IGF1 receptor inhibition amplifies the effects of cancer drugs by autophagy and immune-dependent mechanisms
- J Immunother Cancer. 2021 Jun;9(6):e002722. doi: 10.1136/jitc-2021-002722.
- 1. Department of Breast and Thyroid Surgery, Renmin Hospital of Wuhan University, Wuhan, Hubei, China.
- 2. Centre de Recherche des Cordeliers, Equipe labellisée par la Ligue contre le cancer, Université de Paris, Sorbonne Université, Inserm U1138, Institut Universitaire de France, Paris, France.
- 3. Metabolomics and Cell Biology Platforms, Gustave Roussy Cancer Center, Université Paris Saclay, Villejuif, France.
- 4. Faculty of Medicine, Université Paris Saclay, Kremlin Bicêtre, France.
- 5. Department of Pathology, Renmin Hospital of Wuhan University, Wuhan, Hubei, China.

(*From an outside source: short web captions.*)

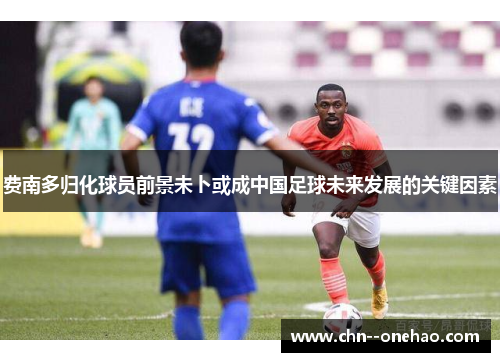 费南多归化球员前景未卜或成中国足球未来发展的关键因素 费南多归化球员前景未卜或成中国足球未来发展的关键因素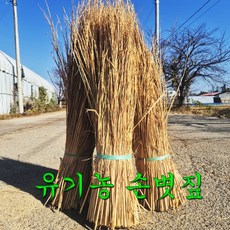 무농약 유기농 손질한 볏짚 1.5kg 삼겹살 바베큐 지푸라기 반려동물 고양이 강아지 가축 바닥자재 월동자재 청국장, 1개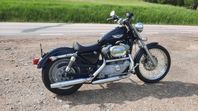 Harley Davidson Sportster XL883 Custom Nybes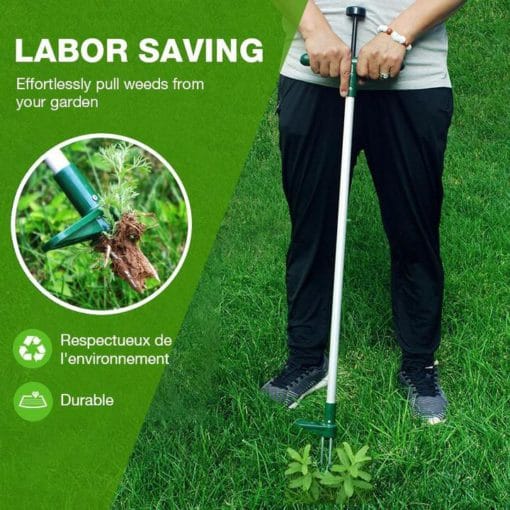 Værktøj til fjernelse af stående planterod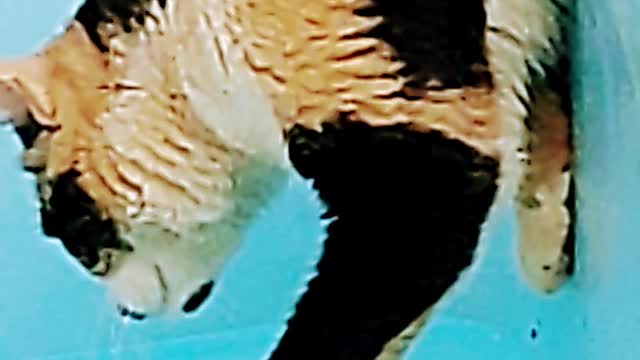 Mel loves pool water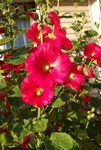 Garden Flowers Hollyhock, Alcea rosea red Photo, description and cultivation, growing and characteristics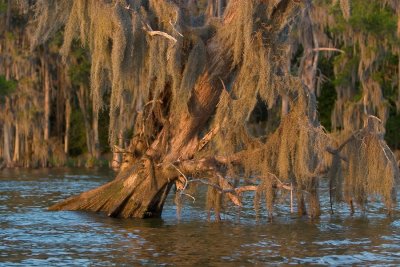 Sinking Cypress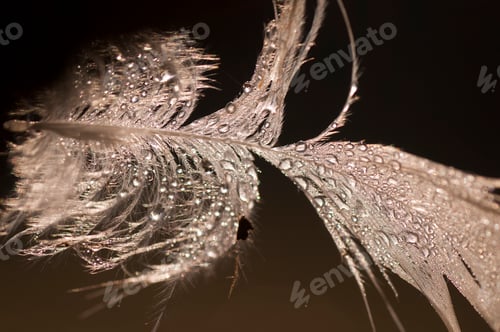 Preview: dew drops closeup. Nature Background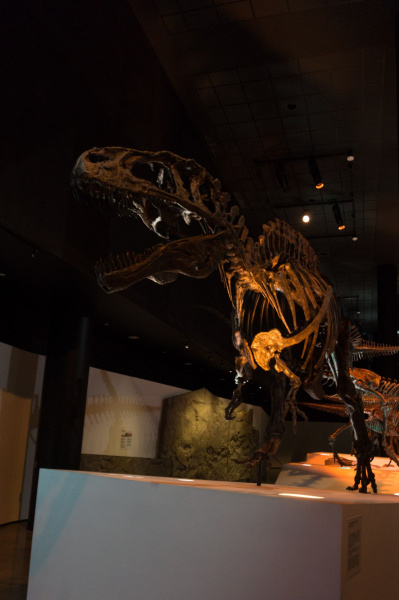 Houston Museum of Natural Science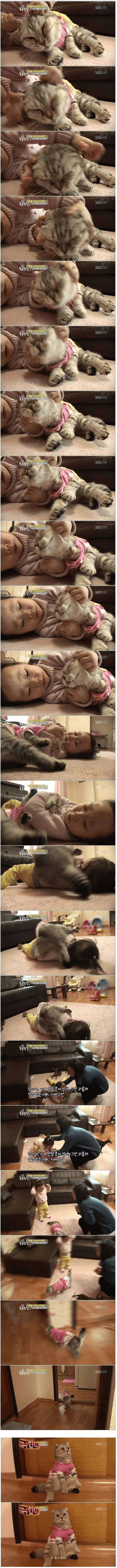 고양이 이름이 엔젤인 이유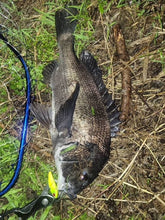 画像をギャラリービューアに読み込む, 敏腕バイブ/BINWAN VIB 15g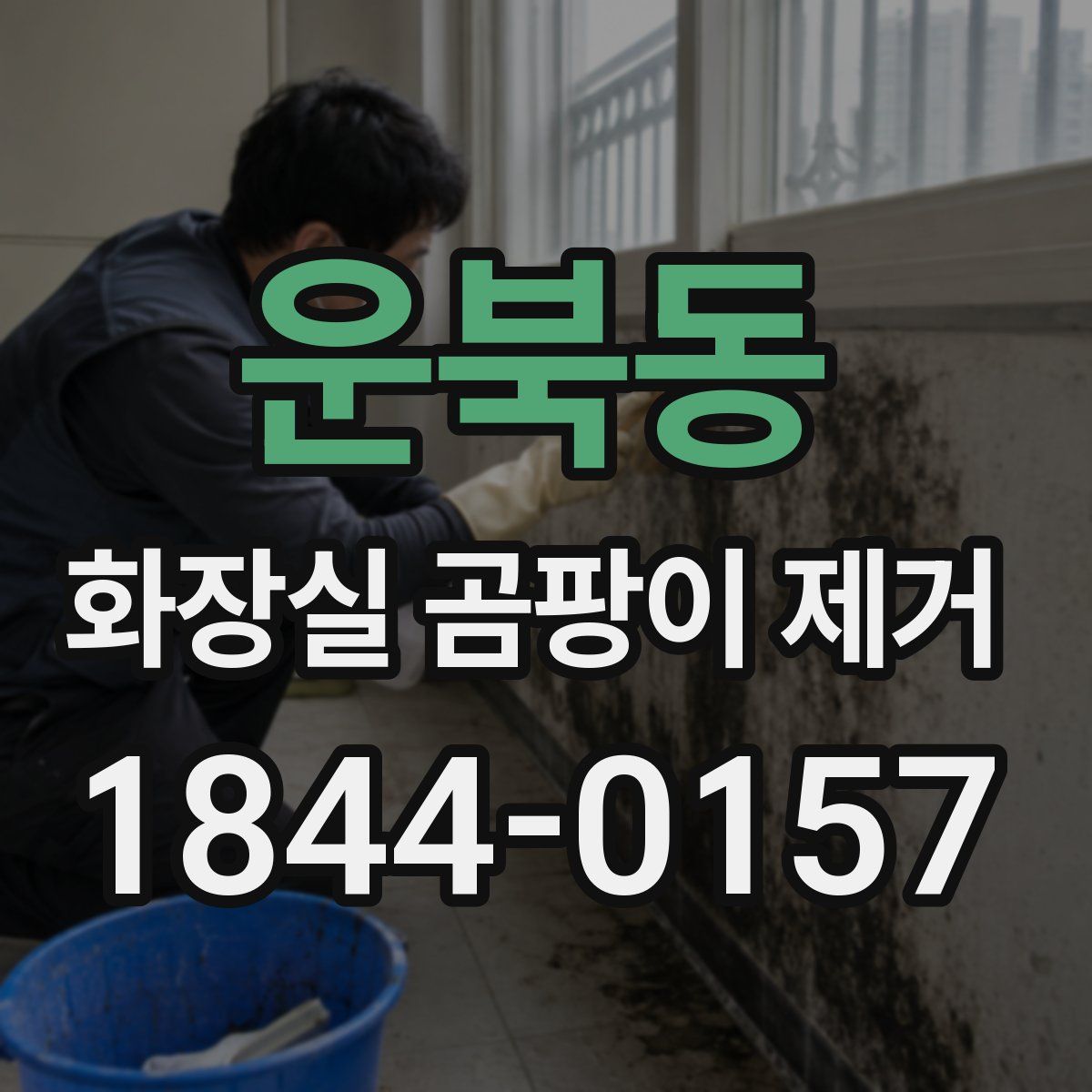 운북동 화장실 곰팡이 제거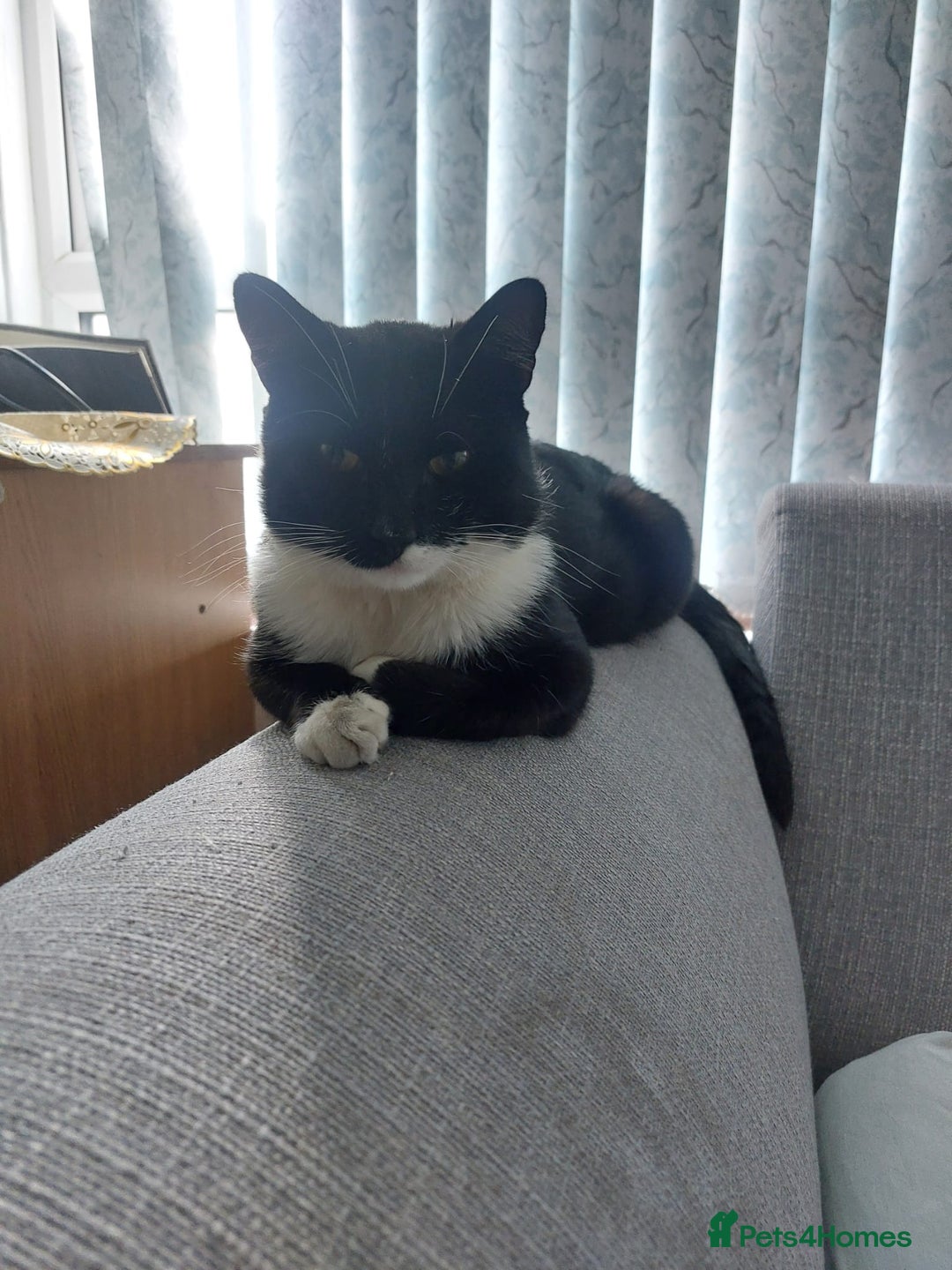 Domestic Shorthair cats for sale: Adorable Tuxedo Cat - Image 2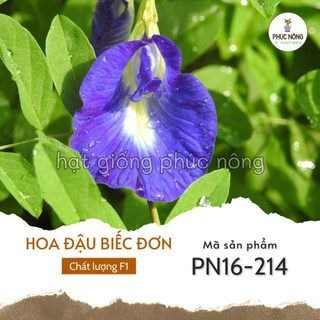 Hạt giống hoa đậu biếc đơn - 20 hạt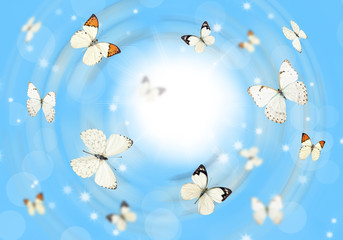 Butterflies 3D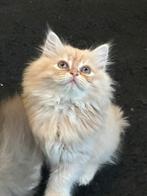 Reserve Now!  british short and lang hair ., Dieren en Toebehoren, Katten en Kittens | Overige Katten, Kater, Langharig, 0 tot 2 jaar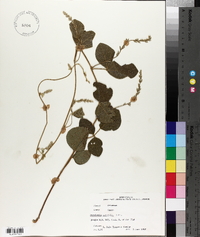 Rhynchosia latifolia image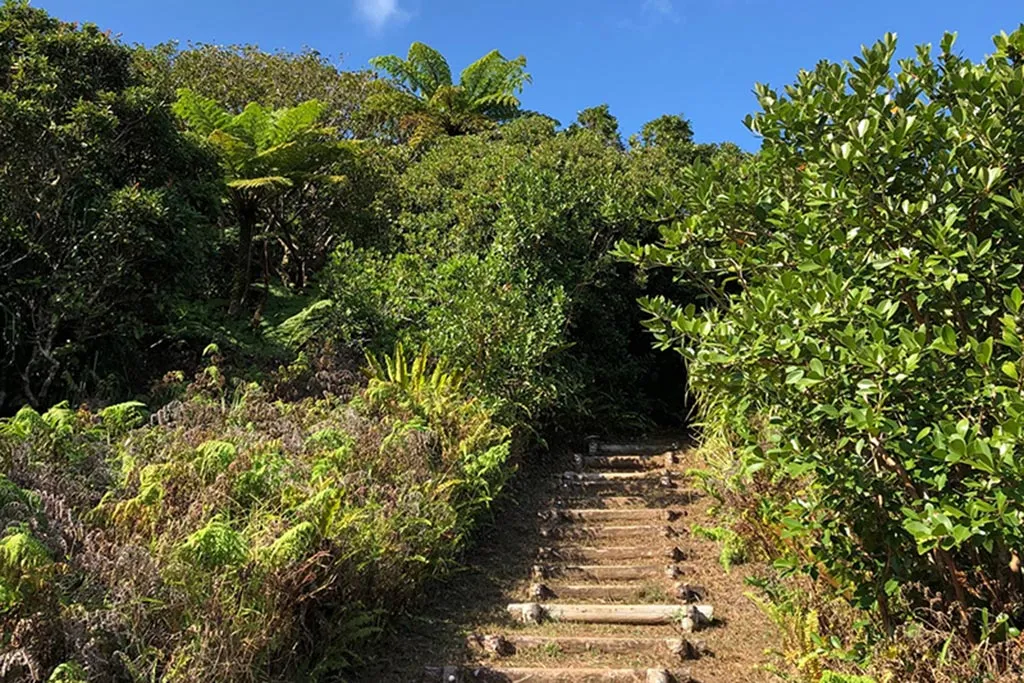 Climbing Mt. Chibusayama on Hahajima Island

- 6. Samsara Therapeutics Ltd, Oxford, UK.
- 7. Institute of Molecular Biosciences, NAWI Graz, University of Graz, Graz, Austria.
- 8. BioTechMed-Graz, Graz, Austria.
- 9. Field of Excellence BioHealth, University of Graz, Graz, Austria.
- 10. Department of Breast and Thyroid Surgery, Renmin Hospital of Wuhan University, Wuhan, Hubei, China [email protected] [email protected] [email protected].
- 11. Centre de Recherche des Cordeliers, Equipe labellisée par la Ligue contre le cancer, Université de Paris, Sorbonne Université, Inserm U1138, Institut Universitaire de France, Paris, France [email protected] [email protected] [email protected].
- 12. Suzhou Institute for Systems Medicine, Chinese Academy of Medical Sciences, Suzhou, Jiangsu, China.
- 13. Pôle de Biologie, Hôpital Européen Georges Pompidou, AP-HP, Paris, France.
- 14. Karolinska Institutet, Department of Women's and Children's Health, Karolinska University Hospital, Stockholm, Sweden.
Background: Pharmacological Autophagy enhancement constitutes a preclinically validated strategy for preventing or treating most major age-associated diseases. Driven by this consideration, we performed a high-content/high-throughput screen on 65 000 distinct compounds on a robotized fluorescence microscopy platform to identify novel Autophagy inducers.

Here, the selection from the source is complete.